Los jueces desestiman la extradición a Argentina –debieron estar en contra de los procesos abiertos en la Audiencia Nacional a Pinochet y a Scilingo— y cualquier juicio en España por considerar prescritos los hechos de torturas denunciados, en función de la amnistía de 1977 y por una de las cláusulas de los derechos básicos de cualquier acusado: la irretroactividad de la ley penal. Olvidan que es el propio Estado el ejecutor del delito de torturas y por ende éstas no prescriben. Y que, además, los hechos se produjeron bajo la legalidad franquista, que no respetaba derechos ni humanos ni políticos. He aquí el problema de una transición con continuidad legal explícita con la legalidad dictatorial que le antecede. Todas las sentencias franquistas están vigentes hoy, nunca fueron derogadas, y cuando se aprobó la amnistía de 1977 las leyes franquistas de persecución política seguían vigentes.
El colmo es observar la aprobación de la ley de Amnistía, usada como ley de “punto final” para los funcionarios del Estado franquista.
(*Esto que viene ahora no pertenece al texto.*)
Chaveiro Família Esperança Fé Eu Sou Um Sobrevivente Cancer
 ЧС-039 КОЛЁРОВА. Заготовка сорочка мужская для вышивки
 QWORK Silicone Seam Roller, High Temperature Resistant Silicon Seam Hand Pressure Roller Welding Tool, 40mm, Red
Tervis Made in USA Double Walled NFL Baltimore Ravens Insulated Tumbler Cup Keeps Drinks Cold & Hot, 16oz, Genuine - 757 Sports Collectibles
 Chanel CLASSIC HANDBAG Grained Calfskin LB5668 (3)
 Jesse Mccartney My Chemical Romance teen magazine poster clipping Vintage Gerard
Aunque dista de ser como la autoamnistía de Galtieri, también se trata de una amnistía aplicada antes de la condena y la pena, por tanto, sin juicio. Ningún policía o responsable político del aparato del Estado franquista ha sido, como sabemos y nos repiten los negacionistas, ni juzgado ni condenado a ninguna pena. Sin embargo, la amnistía en derecho se define por ser “el perdón y el olvido de una pena”, por tanto, ya sentenciada.
La amnistía, en el caso español, tenía como contenido simbólico durante la transición la libertad de los presos antifranquistas. Fue una amnistía peleada por la izquierda durante el período transicional: “libertad, amnistía y estatuto de autonomía”. En aquel contexto eran los presos del antifranquismo, los presos políticos en las cárceles de la dictadura, los susceptibles de ser amnistiados. El artículo que aseguró la inmunidad e impunidad al aparato del Estado franquista en la ley fue incluido bajo el paraguas de la reconciliación nacional como relato transicional, pero no fue hecho explícito en el debate público. Dicho artículo estuvo ausente en los borradores anteriores de la ley presentados a la cámara hasta el día anterior a la votación. Así, uno de los pocos triunfos del antifranquismo en las movilizaciones durante la Transición resultó incluir un macabro caballo de Troya: la impunidad tácita para torturadores y represores.
Mientras, sigue la secuencia: ilegalizaron las manifestaciones no autorizadas a manos de una ley del PSOE, en los '90; desde 2015 prohíben la libertad de expresión en un control legal y punitivo del pensamiento, bajo la categoría de “terrorismo”, en nombre de los sentimientos religiosos, el orgullo de las fuerzas policiales o las injurias a la corona. Y el franquismo, hoy, continúa amnistiado sin juicio: sus sentencias sin anular y sus torturadores y represores en la calle.